The entries are to be given again in full. Every word must match.

++++++++++++++++++++

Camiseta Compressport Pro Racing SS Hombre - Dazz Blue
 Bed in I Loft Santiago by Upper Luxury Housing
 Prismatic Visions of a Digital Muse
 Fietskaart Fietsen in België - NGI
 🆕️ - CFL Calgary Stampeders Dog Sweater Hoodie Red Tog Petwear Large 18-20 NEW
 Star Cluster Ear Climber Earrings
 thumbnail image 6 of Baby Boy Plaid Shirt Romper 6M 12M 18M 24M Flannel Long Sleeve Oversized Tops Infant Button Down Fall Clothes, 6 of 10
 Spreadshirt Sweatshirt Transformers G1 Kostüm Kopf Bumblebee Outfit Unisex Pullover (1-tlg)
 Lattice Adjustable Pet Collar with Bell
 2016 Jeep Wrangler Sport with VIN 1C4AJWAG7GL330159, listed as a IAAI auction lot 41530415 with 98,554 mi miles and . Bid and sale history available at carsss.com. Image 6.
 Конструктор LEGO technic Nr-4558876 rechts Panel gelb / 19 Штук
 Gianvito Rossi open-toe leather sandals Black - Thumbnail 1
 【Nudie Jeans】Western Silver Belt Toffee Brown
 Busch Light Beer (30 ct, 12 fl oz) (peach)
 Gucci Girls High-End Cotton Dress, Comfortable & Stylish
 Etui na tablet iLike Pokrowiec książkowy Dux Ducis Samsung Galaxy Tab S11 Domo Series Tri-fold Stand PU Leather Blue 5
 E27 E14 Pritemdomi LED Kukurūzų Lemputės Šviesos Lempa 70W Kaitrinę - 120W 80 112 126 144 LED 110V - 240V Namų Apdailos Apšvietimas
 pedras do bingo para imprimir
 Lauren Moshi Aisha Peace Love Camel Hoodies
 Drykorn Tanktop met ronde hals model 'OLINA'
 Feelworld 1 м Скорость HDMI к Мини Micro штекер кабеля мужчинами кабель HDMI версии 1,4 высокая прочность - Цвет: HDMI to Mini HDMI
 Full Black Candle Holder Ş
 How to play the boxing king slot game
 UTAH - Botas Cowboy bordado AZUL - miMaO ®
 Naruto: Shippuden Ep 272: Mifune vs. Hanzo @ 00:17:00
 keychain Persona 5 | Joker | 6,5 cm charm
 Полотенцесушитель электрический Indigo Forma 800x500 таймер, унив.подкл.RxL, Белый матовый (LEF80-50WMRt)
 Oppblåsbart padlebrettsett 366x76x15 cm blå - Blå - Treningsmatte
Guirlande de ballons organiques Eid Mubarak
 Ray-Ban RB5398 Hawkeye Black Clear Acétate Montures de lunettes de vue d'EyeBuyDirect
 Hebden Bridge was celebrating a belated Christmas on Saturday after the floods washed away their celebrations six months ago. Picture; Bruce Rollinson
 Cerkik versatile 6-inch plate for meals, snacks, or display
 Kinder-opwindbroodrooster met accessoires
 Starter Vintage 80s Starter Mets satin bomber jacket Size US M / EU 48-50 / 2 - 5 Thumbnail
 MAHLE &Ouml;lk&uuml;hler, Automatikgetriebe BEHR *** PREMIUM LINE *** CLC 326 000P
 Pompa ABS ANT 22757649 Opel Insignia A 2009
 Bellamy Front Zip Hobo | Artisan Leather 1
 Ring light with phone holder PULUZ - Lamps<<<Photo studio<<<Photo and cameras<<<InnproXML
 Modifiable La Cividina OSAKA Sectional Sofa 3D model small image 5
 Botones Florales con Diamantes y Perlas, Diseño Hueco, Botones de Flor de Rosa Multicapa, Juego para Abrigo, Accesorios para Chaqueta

++++++++++++++++++++

▶ _Answer section_:
Camiseta Compressport Pro Racing SS Hombre - Dazz Blue
 Bed in I Loft Santiago by Upper Luxury Housing
 Prismatic Visions of a Digital Muse
 Fietskaart Fietsen in België - NGI
 🆕️ - CFL Calgary Stampeders Dog Sweater Hoodie Red Tog Petwear Large 18-20 NEW
 Star Cluster Ear Climber Earrings
 thumbnail image 6 of Baby Boy Plaid Shirt Romper 6M 12M 18M 24M Flannel Long Sleeve Oversized Tops Infant Button Down Fall Clothes, 6 of 10
 Spreadshirt Sweatshirt Transformers G1 Kostüm Kopf Bumblebee Outfit Unisex Pullover (1-tlg)
 Lattice Adjustable Pet Collar with Bell
 2016 Jeep Wrangler Sport with VIN 1C4AJWAG7GL330159, listed as a IAAI auction lot 41530415 with 98,554 mi miles and . Bid and sale history available at carsss.com. Image 6.
 Конструктор LEGO technic Nr-4558876 rechts Panel gelb / 19 Штук
 Gianvito Rossi open-toe leather sandals Black - Thumbnail 1
 【Nudie Jeans】Western Silver Belt Toffee Brown
 Busch Light Beer (30 ct, 12 fl oz) (peach)
 Gucci Girls High-End Cotton Dress, Comfortable & Stylish
 Etui na tablet iLike Pokrowiec książkowy Dux Ducis Samsung Galaxy Tab S11 Domo Series Tri-fold Stand PU Leather Blue 5
 E27 E14 Pritemdomi LED Kukurūzų Lemputės Šviesos Lempa 70W Kaitrinę - 120W 80 112 126 144 LED 110V - 240V Namų Apdailos Apšvietimas
 pedras do bingo para imprimir
 Lauren Moshi Aisha Peace Love Camel Hoodies
 Drykorn Tanktop met ronde hals model 'OLINA'
 Feelworld 1 м Скорость HDMI к Мини Micro штекер кабеля мужчинами кабель HDMI версии 1,4 высокая прочность - Цвет: HDMI to Mini HDMI
 Full Black Candle Holder Ş
 How to play the boxing king slot game
 UTAH - Botas Cowboy bordado AZUL - miMaO ®
 Naruto: Shippuden Ep 272: Mifune vs. Hanzo @ 00:17:00
 keychain Persona 5 | Joker | 6,5 cm charm
 Полотенцесушитель электрический Indigo Forma 800x500 таймер, унив.подкл.RxL, Белый матовый (LEF80-50WMRt)
 Oppblåsbart padlebrettsett 366x76x15 cm blå - Blå - Treningsmatte
Guirlande de ballons organiques Eid Mubarak
 Ray-Ban RB5398 Hawkeye Black Clear Acétate Montures de lunettes de vue d'EyeBuyDirect
 Hebden Bridge was celebrating a belated Christmas on Saturday after the floods washed away their celebrations six months ago. Picture; Bruce Rollinson
 Cerkik versatile 6-inch plate for meals, snacks, or display
 Kinder-opwindbroodrooster met accessoires
 Starter Vintage 80s Starter Mets satin bomber jacket Size US M / EU 48-50 / 2 - 5 Thumbnail
 MAHLE &Ouml;lk&uuml;hler, Automatikgetriebe BEHR *** PREMIUM LINE *** CLC 326 000P
 Pompa ABS ANT 22757649 Opel Insignia A 2009
 Bellamy Front Zip Hobo | Artisan Leather 1
 Ring light with phone holder PULUZ - Lamps<<<Photo studio<<<Photo and cameras<<<InnproXML
 Modifiable La Cividina OSAKA Sectional Sofa 3D model small image 5
 Botones Florales con Diamantes y Perlas, Diseño Hueco, Botones de Flor de Rosa Multicapa, Juego para Abrigo, Accesorios para Chaqueta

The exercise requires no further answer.